This kayak technique article on how to edge for tighter turns was originally published in Adventure Kayak magazine.
Most people have been introduced to the technique of edging but have never fully mastered when, why and how to perform this skill. Edging aids in quickly turning your sea kayak by changing the shape of the boat’s hull at the waterline. Most kayaks turn more efficiently toward the dry, or raised, edge (shorter waterline) but there are exceptions so experiment to see what works best for your boat. This is a dynamic skill—for edging to work, you need to have paddling momentum or make use of currents.
Edging requires a controlled shift (slightly forward and to the outside sit bone) in your body position relative to the kayak’s balance point. Proper boat fit is essential: Your feet should be firmly placed on the foot pegs in a comfortable but secure position; your knees and thighs should make full contact with the boat; and your spine should be erect and snug against the back band or seat back.
The single most important factor in edging well is your posture. Sit up tall and think about your body as two separate parts: your head and torso (above the sprayskirt) and your hips and legs (below the sprayskirt). To edge, rather than lean, the two parts must move in isolation from each other.
When you are ready to start a turn, look toward the direction you want to go. This engages your torso and sets you up in a powerful position for a sweep stroke or bow rudder.
Next, point your toes on what will be the wet, or low, edge side of the kayak. Pushing the foot peg maximizes your contact with the boat, stabilizing the edge and giving you a solid platform from which to drive your turning stroke.
The last step I call the “one cheek sneak”. The one cheek sneak involves actively shifting your body weight overtop of your sit bone on the wet edge side. This weight transfer is what causes the boat to edge. If you had a sheet of paper under your bum cheek on the dry side, you would be able to pull the sheet out. In an ideal position, your chin is over your dry side thigh. This is where body separation really comes into play—while your lower body does its thing, your upper body stays centered over the kayak’s balance point.

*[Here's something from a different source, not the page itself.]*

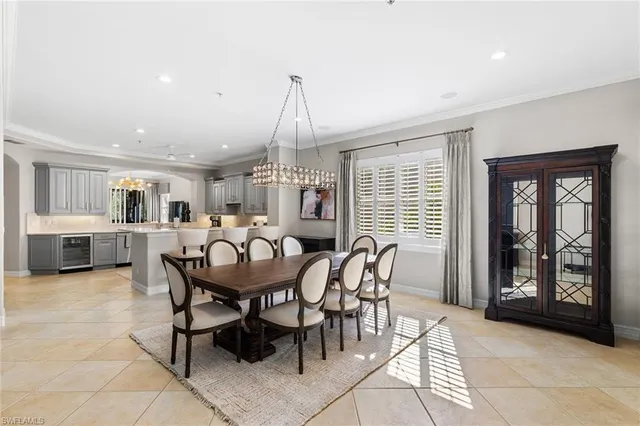 a view of a dining room with furniture and window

Hold this position and allow your kayak to carve the turn.
The one cheek sneak requires excellent core control. Any activity that engages your core will improve your edging. For me, yoga has helped significantly in increasing the core strength that is essential for confident edge control. Try poses like side plank or prayer twist that require good balance and engagement of core muscles.
Christopher Lockyer is an aspirant BCU level 5 Sea Coach and Paddle Canada level 4 instructor based in Halifax, Nova Scotia. www.committed2thecore.com
To encourage the conservative edger, or to give stopping points before a splash, I like using the concept of edge levels.
It’s arbitrary, but 4 is my magic number.
1. Weight shift to one buttock. The legs are still free to drive the rotation of the upper body if paddling is sustained. It’s comfortable, yet already makes a difference in turning.
2. Knee contact on the high side. Edging comes from the core, but the knee can give a reference, adding control and increasing the turn.
3. Limit of balance. Using the weight shift, the knee if desired, or the cheek sneak, take the kayak to the highest edge you can maintain. Breathe. This point differs, influenced by clothing, meals, pre-paddling stretching, etc. Edge 3 grants tighter turns while still using the paddle purely for propulsion.
4. Splash! Four is useful for extremely sharp turns where the paddle is giving support, such as a low brace turn (on inside or outside edge) or a pivot with a supporting blade angle. It’s useful for snorkeling, too.
Define the edges for yourself. Try it with your eyes closed. Try paddling in a straight-ish line on edge level 1, 2…3? Try initiating a turn and gliding on edge level 1, 2, 3…4? Hold a low brace an inch over the water for security.
Choose different edge levels in different circumstances. In addition to making sharper turns, edging adds a new dimension of fun to your kayaking. —Ginni Callahan, BCU level 4 coach & ACA level 5 instructor, Cathlamet, WA / Loreto, Baja
There are many ways to describe the body positions required to effectively edge your kayak. Reading about them is the easy part; translating what you read into a physical movement or posture that is effective at accomplishing your goal can be difficult. For this reason I like to present different options for paddlers to play with; some will work for you, some might not.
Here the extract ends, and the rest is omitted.